Installation from source is similar to many other packages. In the simplest
case the shell commands `./configure; make; make install' should
configure, build, and install Poliqarp2 (the last command may require 
superuser privileges). For standard installation options see INSTALL file.

The Poliqarp2 configure script accepts the following nonstandard options:

--with[out]-tcmalloc
  This option allows to disable custom allocation methods from
  google perftools. It is optional, but recommended. It can speedup
  the Poliqarp2 by a few percent. It also may save significant amount of memory when 
  the Poliqarp2 is configured to use a large number of threads.

--with-boost-prefix=DIR
  The nonstandard path to boost libraries, similar to the above option for ICU.


BASIC USAGE

Poliqarp2 is a command line/daemon tool. The GUI client is distributed in a separate
package (see the homepage for download).

The tool consists of multiple modules.

* poliqarp_storage - a dedicated, simple database system. Should be running in background
                     for all the time while any other tool is used.
* poliqarp_reader - corpus reading tool. The input files should be in the .pqz format.
* poliqarp_indexer - corpus indexing tool, processes data loaded into the database by the reader.
* poliqarp_server - search engine server, operates on corpora previously loaded and optionally indexed.

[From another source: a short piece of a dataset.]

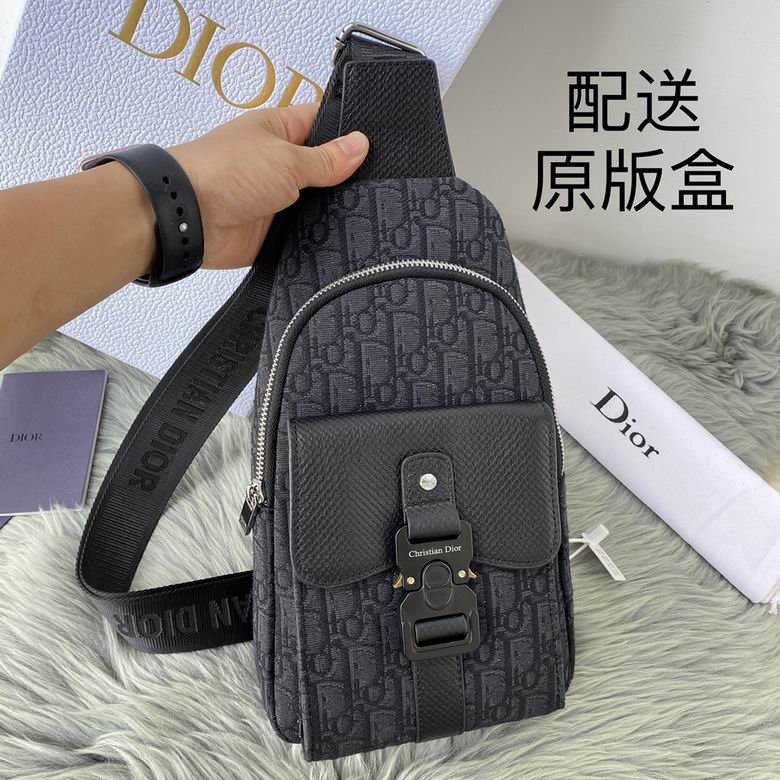 1040 30X18X5.5cm YG 4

All the above modules accept --help and -h arguments, for which they show invocation documentation.

All the above modules use a common configuration. By default it is searched in:
$HOME/.poliqarp/poliqarp2.conf

The configuration file is in a JSON format. The example configuration, self-documented
in comments, can be found in examples/ subdirectory in the Poliqarp2 package.

For more detailed documentation see below.


DOCUMENTATION

All the documentation is distributed in a separate package (see the homepage for download).

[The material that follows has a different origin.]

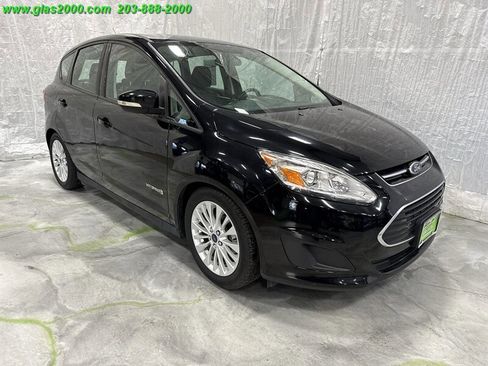 Used 2017 Ford C-MAX SE image 2
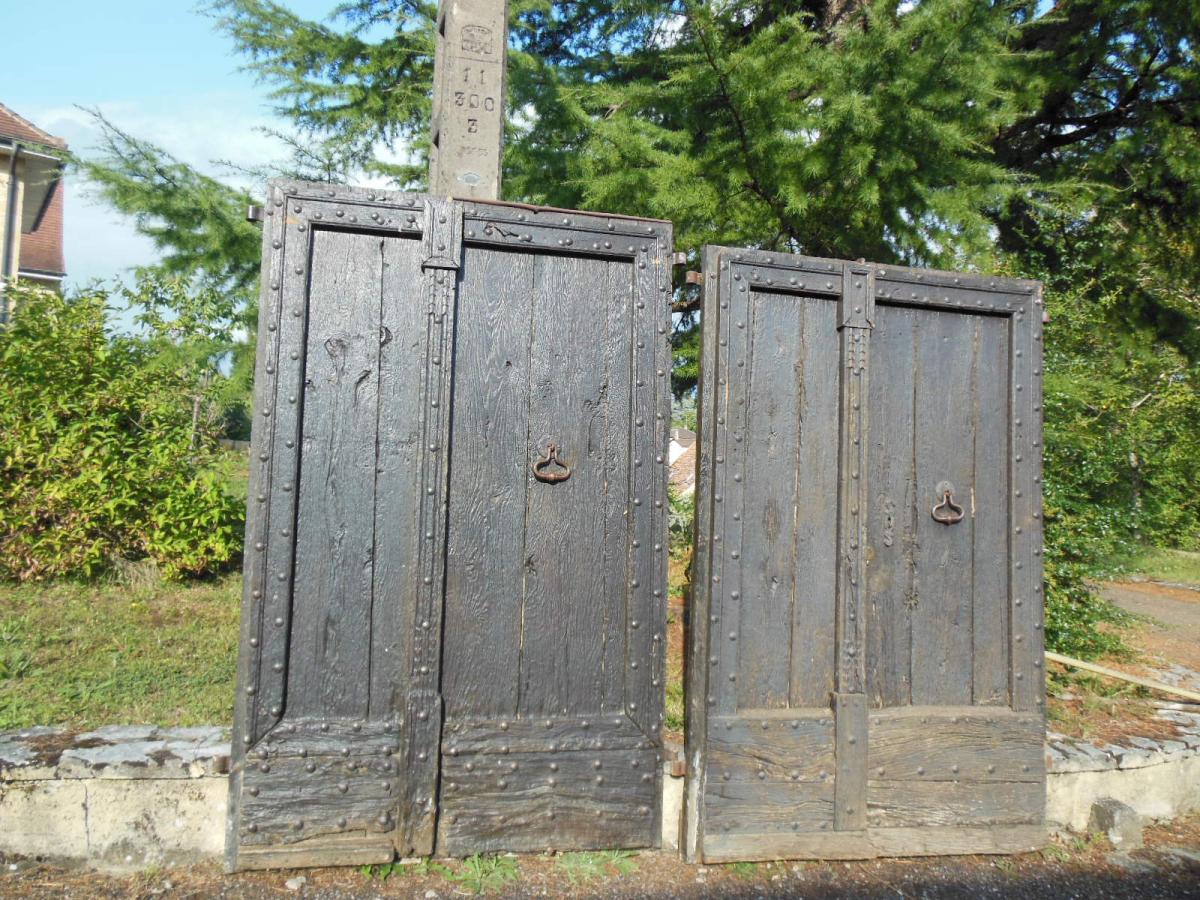 2paire Doors. Campaign Du Chene In Seventeenth Century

The end-user's documentation is included in the doc package in user_manual.pdf file.

The operator's documentation, describing administration, corpora importing and
other technical issues is included in the doc package as operator_manual.pdf.


EXAMPLES

See examples directory in the package for an example of global configuration and
per-corpus config (self explained in comments).


FOR DEVELOPERS

The Poliqarp2 search engine exposes a REST API, so it can be easily attached to other tools.
The API is described in api.pdf file in the doc package (in Polish only, sorry).

The Poliqarp2 storage engine (file organization and communication protocol) 
is briefly documented in poliqarp_storage.txt in the doc package (in Polish only, sorry).

Feel free to play around with the sources, modify them and post patches on 
Poliqarp2's bugtracker at sourceforge.